But Kelly maintained that Sinnotts could have traded through the lockdown nonetheless. Its large size and outdoor space meant it was able to cater for social distancing. While people were initially scared, they had learned to adapt, the court heard. He cited a successful Saturday night pre level 3 restrictions, when there was sport on, where they pulled in €11,000 with around 140 people socially distancing and eating food.

Sean’s Bar remains shut

The fourth publican to give evidence was Philip Byrne who has run Sean’s Bar since 2014. It is the only pub owned by his company Leinster Overview Concepts and in his view it is probably the busiest bar in the whole of Westmeath. Byrne told the court he got into the pub trade while living in America as a young man in the 1990s. 

Sean’s Bar employs around 30 staff, about a third of whom have worked there for a long time. International tourists are part and parcel of the bar’s success. Over the years, it has forged deals with tour companies like CIE, which stop there as a half-way point on the trip from Dublin to the Wild Atlantic Way. Typically trad music is played live every night for a more local crowd. 

The bar, which doesn’t have a restaurant, has remained closed since March 15. 

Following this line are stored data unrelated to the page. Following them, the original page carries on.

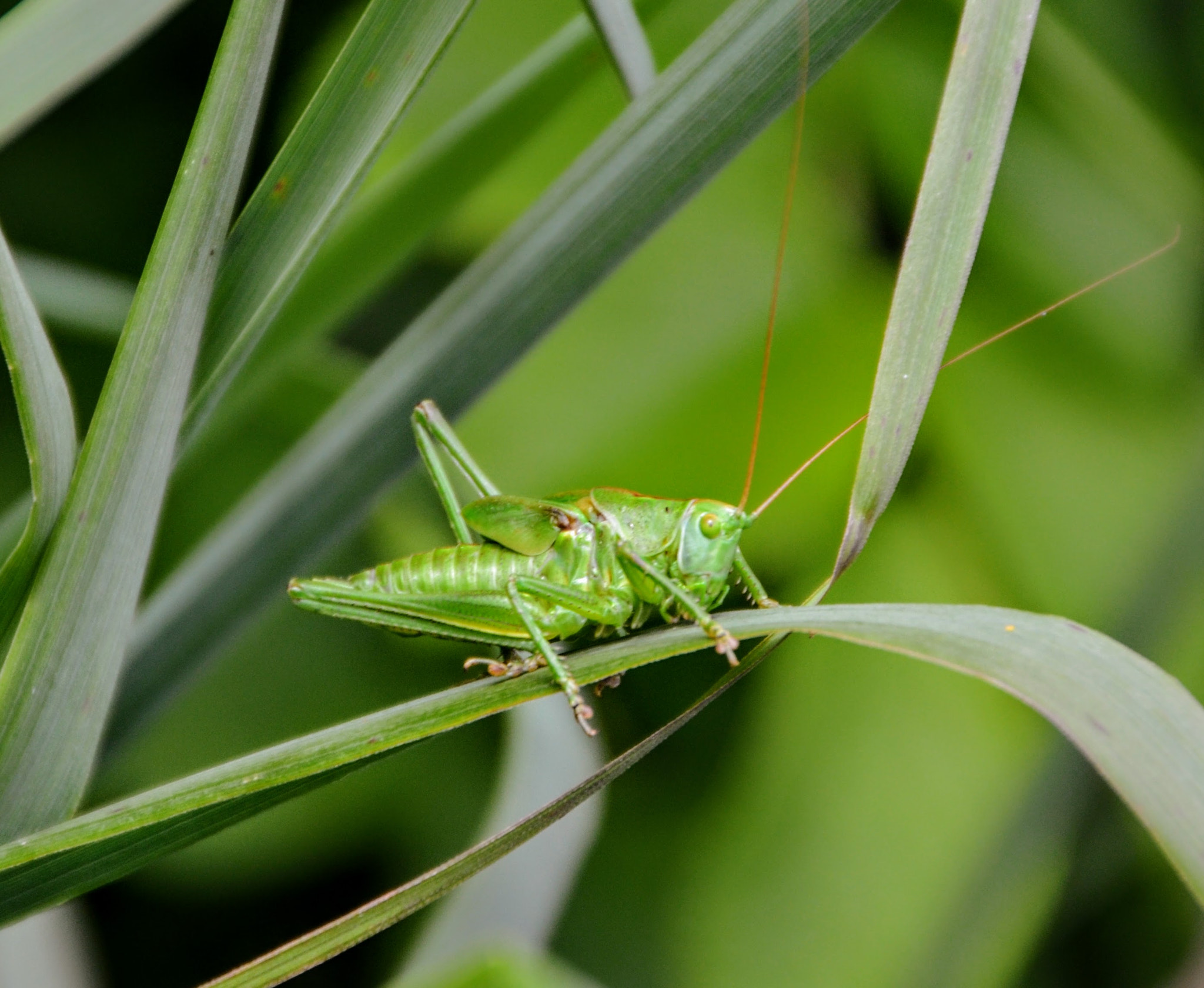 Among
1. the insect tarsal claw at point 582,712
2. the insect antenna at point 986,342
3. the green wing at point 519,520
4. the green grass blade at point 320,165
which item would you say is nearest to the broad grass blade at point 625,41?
the green grass blade at point 320,165

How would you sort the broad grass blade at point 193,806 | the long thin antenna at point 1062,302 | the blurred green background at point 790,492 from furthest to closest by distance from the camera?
1. the blurred green background at point 790,492
2. the long thin antenna at point 1062,302
3. the broad grass blade at point 193,806

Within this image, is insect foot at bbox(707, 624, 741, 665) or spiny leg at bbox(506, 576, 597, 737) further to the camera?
spiny leg at bbox(506, 576, 597, 737)

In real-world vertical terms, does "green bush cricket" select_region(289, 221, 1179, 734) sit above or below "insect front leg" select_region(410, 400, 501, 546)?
below

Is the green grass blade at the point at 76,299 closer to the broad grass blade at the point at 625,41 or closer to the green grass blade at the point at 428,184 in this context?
the green grass blade at the point at 428,184

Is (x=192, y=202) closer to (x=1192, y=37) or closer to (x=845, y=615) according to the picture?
(x=845, y=615)

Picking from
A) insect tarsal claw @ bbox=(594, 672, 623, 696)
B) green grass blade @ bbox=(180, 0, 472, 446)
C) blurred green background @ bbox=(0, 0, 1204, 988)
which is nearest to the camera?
green grass blade @ bbox=(180, 0, 472, 446)

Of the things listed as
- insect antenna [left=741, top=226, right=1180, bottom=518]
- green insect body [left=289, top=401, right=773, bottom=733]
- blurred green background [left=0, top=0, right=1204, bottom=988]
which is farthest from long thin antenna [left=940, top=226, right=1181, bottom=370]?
green insect body [left=289, top=401, right=773, bottom=733]

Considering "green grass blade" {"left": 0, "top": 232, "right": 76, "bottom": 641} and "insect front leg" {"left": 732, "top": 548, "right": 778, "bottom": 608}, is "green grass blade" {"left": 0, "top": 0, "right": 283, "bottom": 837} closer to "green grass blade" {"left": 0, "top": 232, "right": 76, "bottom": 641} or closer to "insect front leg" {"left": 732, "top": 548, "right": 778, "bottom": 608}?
"green grass blade" {"left": 0, "top": 232, "right": 76, "bottom": 641}

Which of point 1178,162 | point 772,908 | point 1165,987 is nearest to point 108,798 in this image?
point 772,908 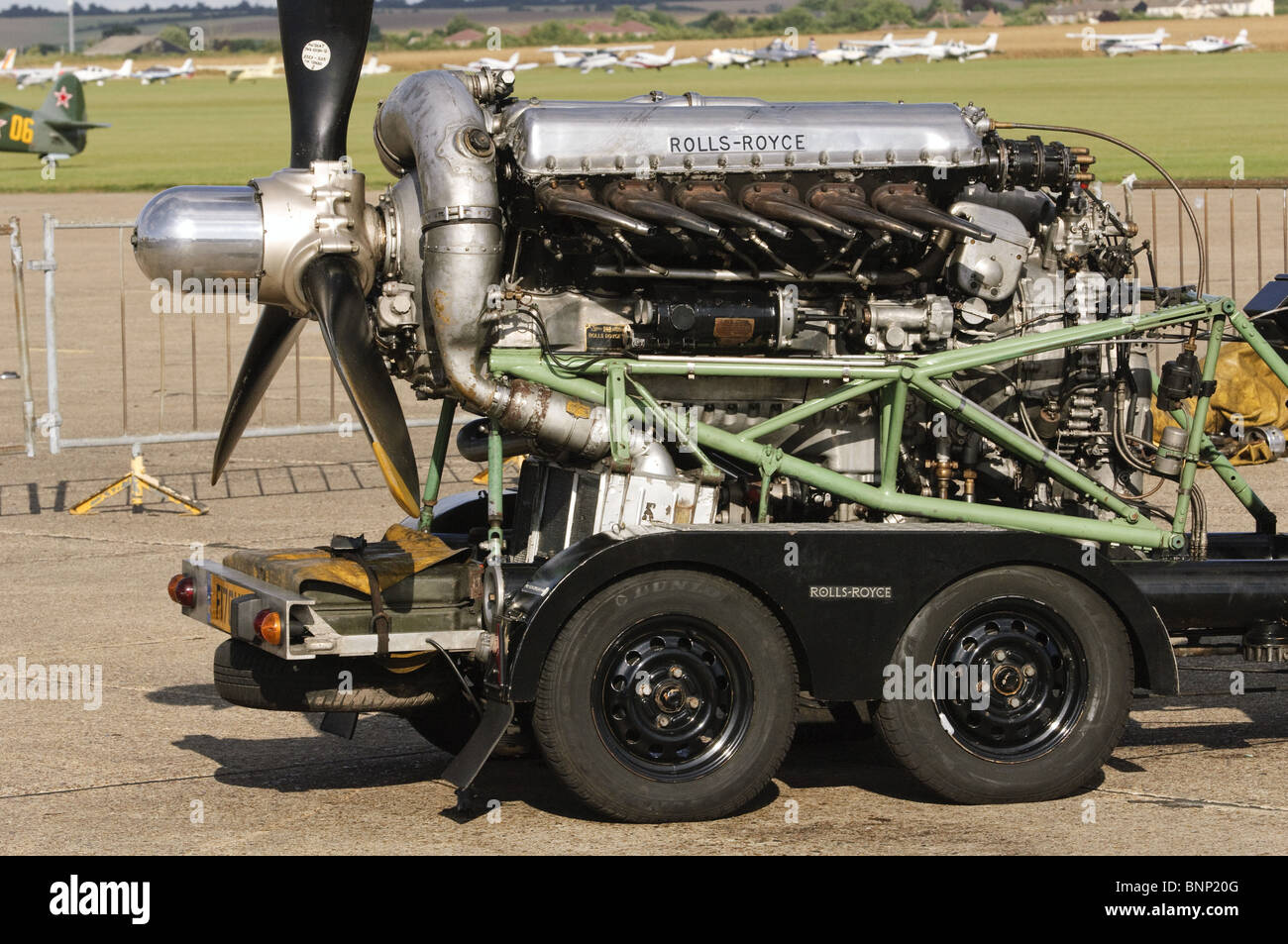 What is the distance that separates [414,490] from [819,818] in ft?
5.44

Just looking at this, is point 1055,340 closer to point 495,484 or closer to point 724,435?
point 724,435

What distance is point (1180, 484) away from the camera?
6.33 meters

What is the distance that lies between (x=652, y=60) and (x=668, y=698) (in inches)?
3995

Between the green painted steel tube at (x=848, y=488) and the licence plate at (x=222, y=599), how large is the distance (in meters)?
1.13

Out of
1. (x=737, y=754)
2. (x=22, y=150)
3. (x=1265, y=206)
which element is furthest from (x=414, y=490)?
(x=22, y=150)

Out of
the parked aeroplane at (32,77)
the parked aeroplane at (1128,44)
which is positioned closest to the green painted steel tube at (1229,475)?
the parked aeroplane at (1128,44)

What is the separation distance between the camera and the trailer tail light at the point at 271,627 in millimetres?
5555

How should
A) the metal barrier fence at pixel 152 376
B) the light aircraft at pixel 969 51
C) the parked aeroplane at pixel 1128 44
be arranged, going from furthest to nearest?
1. the parked aeroplane at pixel 1128 44
2. the light aircraft at pixel 969 51
3. the metal barrier fence at pixel 152 376

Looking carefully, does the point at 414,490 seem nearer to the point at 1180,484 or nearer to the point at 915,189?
the point at 915,189

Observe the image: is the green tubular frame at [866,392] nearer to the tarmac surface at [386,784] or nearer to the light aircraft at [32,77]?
the tarmac surface at [386,784]

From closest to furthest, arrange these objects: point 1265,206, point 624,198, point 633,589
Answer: point 633,589, point 624,198, point 1265,206

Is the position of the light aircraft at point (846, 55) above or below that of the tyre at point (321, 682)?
above

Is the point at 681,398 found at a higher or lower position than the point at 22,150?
lower

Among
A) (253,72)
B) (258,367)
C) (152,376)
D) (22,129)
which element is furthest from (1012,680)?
(253,72)
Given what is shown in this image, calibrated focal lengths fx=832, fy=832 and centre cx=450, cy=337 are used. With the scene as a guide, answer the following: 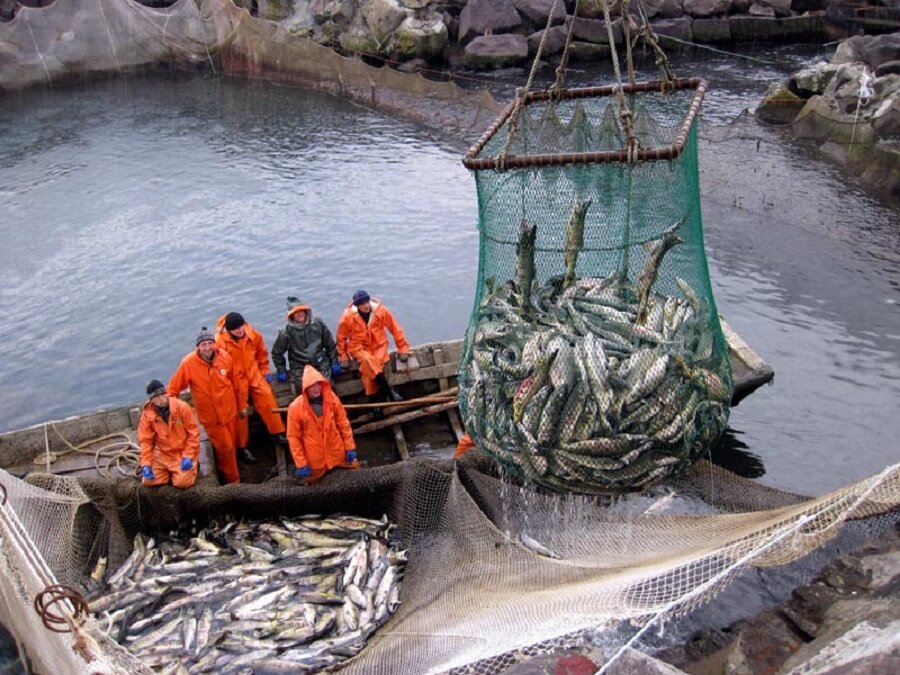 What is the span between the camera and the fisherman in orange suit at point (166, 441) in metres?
8.84

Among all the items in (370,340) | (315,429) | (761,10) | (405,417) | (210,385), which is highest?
(761,10)

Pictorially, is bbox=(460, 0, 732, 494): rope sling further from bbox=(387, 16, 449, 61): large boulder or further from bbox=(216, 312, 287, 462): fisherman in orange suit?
A: bbox=(387, 16, 449, 61): large boulder

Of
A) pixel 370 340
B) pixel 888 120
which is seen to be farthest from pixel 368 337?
pixel 888 120

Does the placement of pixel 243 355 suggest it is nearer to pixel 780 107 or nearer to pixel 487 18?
pixel 780 107

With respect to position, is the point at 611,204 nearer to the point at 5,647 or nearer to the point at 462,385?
the point at 462,385

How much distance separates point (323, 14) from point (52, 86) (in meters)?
10.8

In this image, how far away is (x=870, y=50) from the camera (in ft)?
84.6

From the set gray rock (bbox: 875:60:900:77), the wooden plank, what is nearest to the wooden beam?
the wooden plank

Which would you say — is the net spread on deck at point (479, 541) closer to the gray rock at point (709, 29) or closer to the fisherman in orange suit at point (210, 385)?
the fisherman in orange suit at point (210, 385)

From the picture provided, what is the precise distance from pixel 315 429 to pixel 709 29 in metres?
31.2

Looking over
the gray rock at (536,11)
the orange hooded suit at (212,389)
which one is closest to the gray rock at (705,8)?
the gray rock at (536,11)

Prior to that business was good, he said, at least up until Thursday the 12th when new social distancing requirements slashed the number of customers allowed in the pub to about a third of capacity. He said takings for the week were down by about 23 per cent.

For the first few months of lockdown, staff were supported by the emergency Covid wage subsidy scheme and the bar secured an accommodation on its mortgage payments. But the court heard the mortgage break is over and monthly payments of €11,000 began again at the beginning of October.

Asked by his barrister Eoin McCullough how he saw the future if things continued this way, Byrne replied that he wasn’t sure. “Like, we probably have maybe three months’ mortgage payments we could keep going. I don’t know about keeping paying the staff, we’re doing that up until last week, we’ll do it this week, but just not sure, you know,” he told the court.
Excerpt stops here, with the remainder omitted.